01:10:10
November 2025
Open Access
Published: November 2025
Licence: CC BY-NC-4.0
Issue: Vol.20, No.2
CAT kōrero in collab: Considering culture, social and climate justice – Jamie Bird, Kim Valldejuli and Heleina Dalton in conversation with Ying Wang
Join JoCAT co-editor Ying Wang in this conversation with Aotearoa-based CAT Heleina Waimoana Dalton, University of Derby’s Jamie Bird and Kim Valldejuli who is based in Barbados and is completing her PhD at Drexel University in the US. In this ranging discussion, these four creative arts therapists explore and interrogate themes of creativity, culture, cultural humility and decolonisation, social and climate justice and how they intersect with the creative arts therapies.

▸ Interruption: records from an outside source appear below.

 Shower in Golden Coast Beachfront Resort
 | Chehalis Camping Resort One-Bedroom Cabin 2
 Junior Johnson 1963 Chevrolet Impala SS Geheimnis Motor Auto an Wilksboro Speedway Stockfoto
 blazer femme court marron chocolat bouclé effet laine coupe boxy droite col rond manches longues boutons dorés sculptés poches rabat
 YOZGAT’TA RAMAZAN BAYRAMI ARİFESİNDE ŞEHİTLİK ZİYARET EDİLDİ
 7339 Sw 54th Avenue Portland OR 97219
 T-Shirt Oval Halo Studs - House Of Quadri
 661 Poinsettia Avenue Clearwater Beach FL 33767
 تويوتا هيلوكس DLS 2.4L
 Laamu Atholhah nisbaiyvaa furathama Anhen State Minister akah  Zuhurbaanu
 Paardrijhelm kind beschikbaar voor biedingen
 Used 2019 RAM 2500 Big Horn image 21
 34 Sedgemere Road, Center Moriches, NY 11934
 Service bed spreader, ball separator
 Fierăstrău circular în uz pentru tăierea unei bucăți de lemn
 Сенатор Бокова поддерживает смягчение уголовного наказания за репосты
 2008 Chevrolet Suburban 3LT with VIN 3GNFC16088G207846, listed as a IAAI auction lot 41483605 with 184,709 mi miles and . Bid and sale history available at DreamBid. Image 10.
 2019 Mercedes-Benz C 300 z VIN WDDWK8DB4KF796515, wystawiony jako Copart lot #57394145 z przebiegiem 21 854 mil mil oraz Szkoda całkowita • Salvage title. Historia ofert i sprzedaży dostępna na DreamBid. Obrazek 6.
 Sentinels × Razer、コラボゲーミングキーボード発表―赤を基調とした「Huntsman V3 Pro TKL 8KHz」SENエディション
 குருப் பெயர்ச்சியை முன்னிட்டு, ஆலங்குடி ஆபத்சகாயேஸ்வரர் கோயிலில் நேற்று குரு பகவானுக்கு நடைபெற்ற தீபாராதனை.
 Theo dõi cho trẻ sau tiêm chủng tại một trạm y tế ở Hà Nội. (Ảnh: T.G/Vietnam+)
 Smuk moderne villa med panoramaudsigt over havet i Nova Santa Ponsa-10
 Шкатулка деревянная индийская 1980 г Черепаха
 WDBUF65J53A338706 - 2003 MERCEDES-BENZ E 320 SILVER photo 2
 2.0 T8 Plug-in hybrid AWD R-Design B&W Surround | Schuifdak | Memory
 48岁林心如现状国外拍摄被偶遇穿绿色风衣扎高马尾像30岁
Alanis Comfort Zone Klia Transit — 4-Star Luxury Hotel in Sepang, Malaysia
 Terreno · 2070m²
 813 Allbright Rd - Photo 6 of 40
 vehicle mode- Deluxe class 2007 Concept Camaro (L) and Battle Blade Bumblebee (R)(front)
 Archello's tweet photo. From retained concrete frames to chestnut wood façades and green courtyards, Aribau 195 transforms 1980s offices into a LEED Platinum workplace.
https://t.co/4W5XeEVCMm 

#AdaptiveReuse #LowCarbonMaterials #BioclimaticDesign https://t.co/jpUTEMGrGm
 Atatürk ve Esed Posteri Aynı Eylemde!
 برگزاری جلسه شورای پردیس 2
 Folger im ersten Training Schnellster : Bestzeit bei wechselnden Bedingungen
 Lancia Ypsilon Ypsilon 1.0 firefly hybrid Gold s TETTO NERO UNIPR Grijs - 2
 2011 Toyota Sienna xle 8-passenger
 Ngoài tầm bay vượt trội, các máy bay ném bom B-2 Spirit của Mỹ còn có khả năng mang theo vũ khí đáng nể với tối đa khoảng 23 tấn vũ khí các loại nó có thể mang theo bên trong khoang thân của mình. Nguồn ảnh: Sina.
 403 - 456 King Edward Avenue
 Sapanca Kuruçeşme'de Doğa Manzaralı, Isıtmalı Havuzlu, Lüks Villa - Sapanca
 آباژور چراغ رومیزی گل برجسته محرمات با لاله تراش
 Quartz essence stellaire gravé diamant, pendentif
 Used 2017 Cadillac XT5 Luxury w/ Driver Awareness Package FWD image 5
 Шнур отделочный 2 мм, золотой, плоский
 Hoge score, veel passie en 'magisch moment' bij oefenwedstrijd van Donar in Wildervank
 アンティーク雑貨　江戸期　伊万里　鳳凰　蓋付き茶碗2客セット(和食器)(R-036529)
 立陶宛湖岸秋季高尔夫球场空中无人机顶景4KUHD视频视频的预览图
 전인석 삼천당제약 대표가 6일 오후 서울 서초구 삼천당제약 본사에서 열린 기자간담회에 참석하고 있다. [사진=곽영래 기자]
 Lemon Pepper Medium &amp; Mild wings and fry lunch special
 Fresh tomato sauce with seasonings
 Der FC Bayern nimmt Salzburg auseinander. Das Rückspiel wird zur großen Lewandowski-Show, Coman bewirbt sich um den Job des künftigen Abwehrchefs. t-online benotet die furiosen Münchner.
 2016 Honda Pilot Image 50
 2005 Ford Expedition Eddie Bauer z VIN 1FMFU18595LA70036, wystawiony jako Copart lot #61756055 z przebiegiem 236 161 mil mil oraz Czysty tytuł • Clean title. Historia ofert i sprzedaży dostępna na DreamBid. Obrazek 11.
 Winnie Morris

About the guests to this podcast
Cite this podcastWang, Y. (Host). (2025, September). [to come] [Audio podcast]. JoCAT Podcasts. JoCAT. https://www.jocat-online.org/p-25-wang-dalton-bird-valldejuli
Jamie Bird
Jamie is an art therapist and arts-based researcher from the UK. He is currently based within the University of Derby. His PhD research involved working with women who had experienced domestic violence, using visual media to explore what home, relationships and support meant for them in the past, the present and the future. This built upon previous and similar work with refugees and asylum seekers. At present, Jamie is developing and implementing social action and arts-based research methods in response to the climate and environmental crisis, with particular attention to how communities can work together and adapt to the consequences of a changing climate and environment. This crosses over with therapeutic work conducted alongside nature-based practitioners, offering schools a way to work differently with children's social and emotional well-being.
Kim Valldejuli
Kim is a board-certified registered art therapist, and PhD candidate in Drexel University’s PhD in Creative Arts Therapies programme. She is a research fellow in Dr Girija Kaimal’s Health, Arts, Learning and Evaluation Lab at Drexel University. Kim is a director of the Art Therapy Association of Trinidad and Tobago, and an associate editor for the International Journal of Art Therapy. Her research explores traditional healing practices in the Caribbean diaspora and implications for art therapy practice and pedagogy.
Heleina Waimoana Dalton
Heleina is a registered Clinical Creative Arts Therapist and Bicultural Clinical Supervisor (Kaitiakitanga), with over 25 years of experience in the community education space. Her journey into therapeutic practice began through decades of community-based work, including roles as a certified parent educator for both Poutiria te Aroha and Parenting with Nonviolence. She later formalised her clinical practice by completing postgraduate and master’s training in arts therapy, becoming a clinical therapist in 2021. Her practice is person-centred and integrates kaupapa Māori, experiential psychotherapeutic modalities, wairuatanga (spirituality), creativity, and te taiao (the natural world). She offers services to children (all genders), youth, and adult women, and is based in both Auckland City and Whangārei. Heleina works confidently with people from all cultural backgrounds and speaks both English and Te Reo Māori.
Glossary
Te Reo Māori words that Heleina mentions:
Karikia – invocation, incantation, prayer
Whakapapa – ancestry
Tangata whenua – people of the land
Te Tai Tokerau – Northland region of Aotearoa
Iwi – tribe
Tupuna – ancestor/grandparent
Mokopuna – grandchildren
Te Ao Māori – Māori worldview
Toi – art/arts
Whati – disruption
Ngā taki o te whenua – leading iwi of the land
Mana whenua – territorial rights, power from the land, authority over land or territory, jurisdiction over land or territory
Mana motuhake – separate identity, autonomy, self-government, self-determination, independence, sovereignty
Rangatiratanga – chieftainship, right to exercise authority, chiefly autonomy, chiefly authority, leadership
Te Whakaminenga – Confederation of Chiefs/United Tribes, formed to discuss concerns, frame policy and responsible for the Declaration of [Sovereignty] Independence, 1835
Te Whakaputanga – Declaration of Independence
Waiata – song
Te Toi o Ngā Rangi – the highest heaven in Māori cosmology
Iho matua – spiritual umbilical cord*
Wairua – spirit
Toanga – treasure, both tangible and intangible items
For more about Iho Matua, please refer to the work of Dame Kāterina Te Heikōkō Mataira – Māori language proponent, educator, intellectual, artist and writer.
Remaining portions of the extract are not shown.